La nuova stagione di Formula 1 ha introdotto monoposto più corte e leggere, dotate di aerodinamica attiva con ali anteriori e posteriori mobili. La maggior parte delle squadre ha scelto un sistema simile al tradizionale DRS, con un flap che si apre sui rettilinei. Ferrari, invece, ha deciso di sperimentare qualcosa di diverso durante la penultima giornata di test al Bahrain International Circuit.

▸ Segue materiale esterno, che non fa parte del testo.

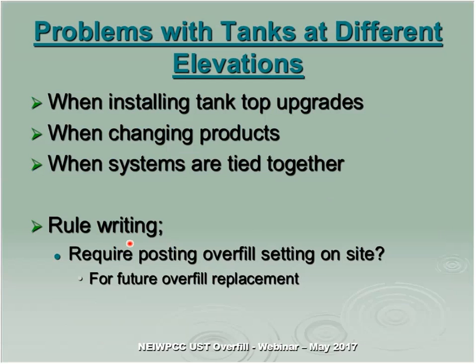When doing rule writing, you may want to require posting the overfill device setting on-site, because in the future overfill devices will be replaced due to failure or new regulations. We had a lot of problems when contractors came in for vapor recovery and two-inch testing, replacing all drop tubes throughout the state. Contractors would say 'it only has to be 11 inches deep, why is it down two feet?' — and just slap one in at 11 inches. FYI, think about that when writing your rules and regulations.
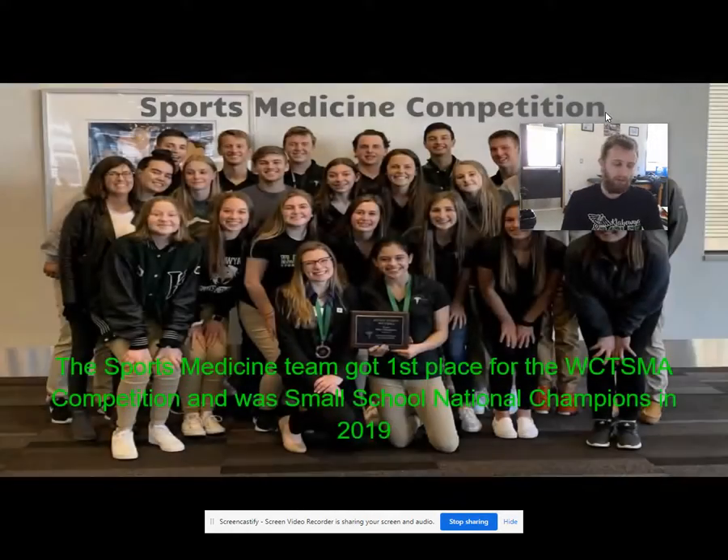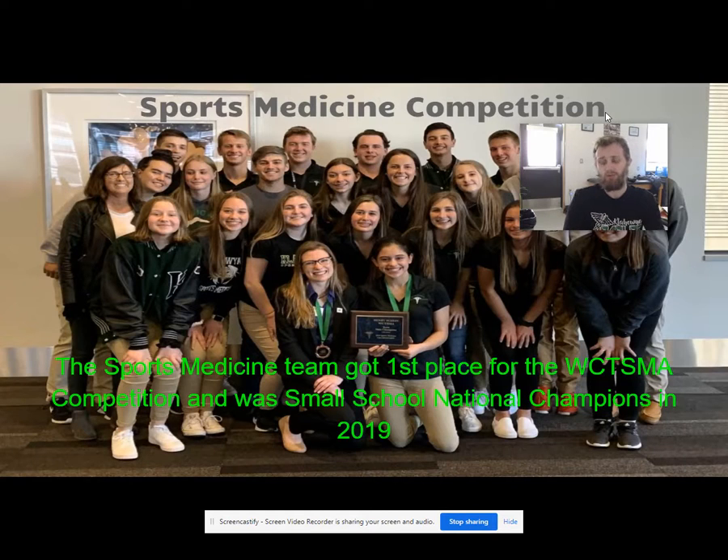Advanced sports medicine looks at the different anatomical regions. We dive into ways to prevent injuries, how we assess injuries, different ways to treat injuries, and then how we rehabilitate after an injury has occurred.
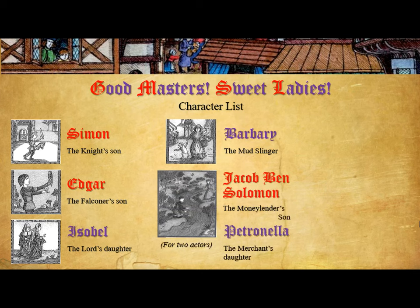The next one is Jacob Ben Solomon and Petronella — the first story we have for two actors. I've had two girls do this presentation together, and I've had a boy and girl do it together, so it doesn't have to necessarily be a boy and a girl. Jacob Ben Solomon is a Jew and Petronella is a Christian. Those two groups don't see eye to eye and have some real bad feelings toward each other, but Jacob Ben Solomon and Petronella almost come to an understanding over the course of their story about who each other is.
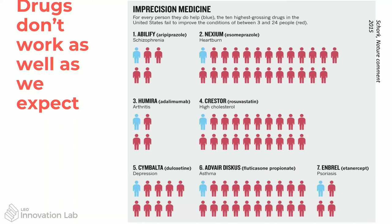Generally drugs are not working as well as you would expect. Here are seven of the most popular drugs in the States. For every blue person, this is one who was helped by the drug — they experience a reduction in their symptoms or get some benefit. But all the red ones for each person are either not benefiting from it or experiencing some kind of severe side effect that is negating the benefit.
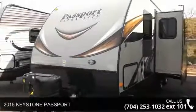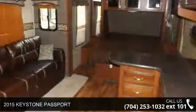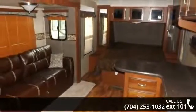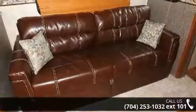Travel in style with this 2015 Keystone Passport. If you are looking for an RV with quality construction and ease of towing, this may be the one. Perfect for vacationing, adventuring or just relaxing, this travel trailer awaits you.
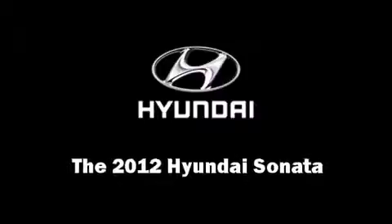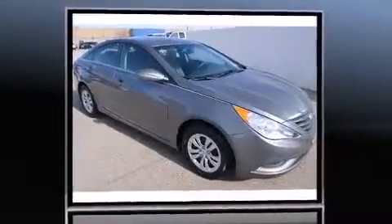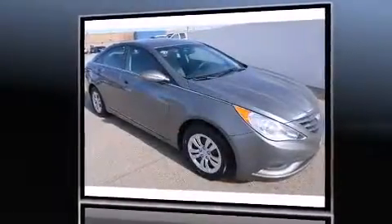Discerning drivers will appreciate the 2012 Hyundai Sonata. With less than 40,000 miles on the odometer, this four-door sedan prioritizes comfort, safety, and convenience.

Lewis Hamilton è sceso in pista con la SF-26 equipaggiata con un’ala posteriore altamente innovativa. A differenza del classico DRS, il sistema progettato dalla Scuderia non prevede l’apertura di un elemento, ma la rotazione delle sezioni superiori dell’ala quando il pilota attiva la modalità per i rettilinei. Sebbene il britannico abbia completato solo cinque giri con questa configurazione prima di tornare alla versione standard, la soluzione non è passata inosservata, attirando immediatamente l’interesse di rivali e osservatori.
Secondo David Coulthard, l’obiettivo della Ferrari potrebbe non essere soltanto tecnico. Il tredici volte vincitore di Gran Premi ha suggerito che questa soluzione potrebbe rappresentare anche una strategia per distogliere l’attenzione degli altri team.
L’ex pilota ha spiegato che gli avversari potrebbero ora investire tempo e risorse per analizzare il concetto attraverso simulazioni CFD e studi aerodinamici, sottraendo energie allo sviluppo delle proprie monoposto. In questo modo, anche un semplice progetto sperimentale potrebbe trasformarsi in un vantaggio indiretto per la Scuderia.
Secondo alcune fonti tecniche, diverse squadre avevano già valutato un concetto simile in passato, decidendo però di non svilupparlo a causa di alcuni svantaggi, tra cui l’aumento del peso. Anche Oliver Bearman, pilota Haas motorizzata Ferrari, ha confermato che il design è stato preso in considerazione, pur riconoscendo i compromessi tecnici che comporta. Nonostante ciò, il giovane britannico ha definito la soluzione “molto innovativa” e potenzialmente efficace.
Dal canto suo, Ferrari sembra convinta della bontà del progetto. Fred Vasseur ha sottolineato che l’innovazione è parte integrante della Formula 1 e che tutte le squadre lavorano costantemente su nuove soluzioni, alcune più visibili di altre. Resta ora solo da capire quando l’ala rotante farà il suo debutto ufficiale: già in Australia o nella successiva gara in Cina.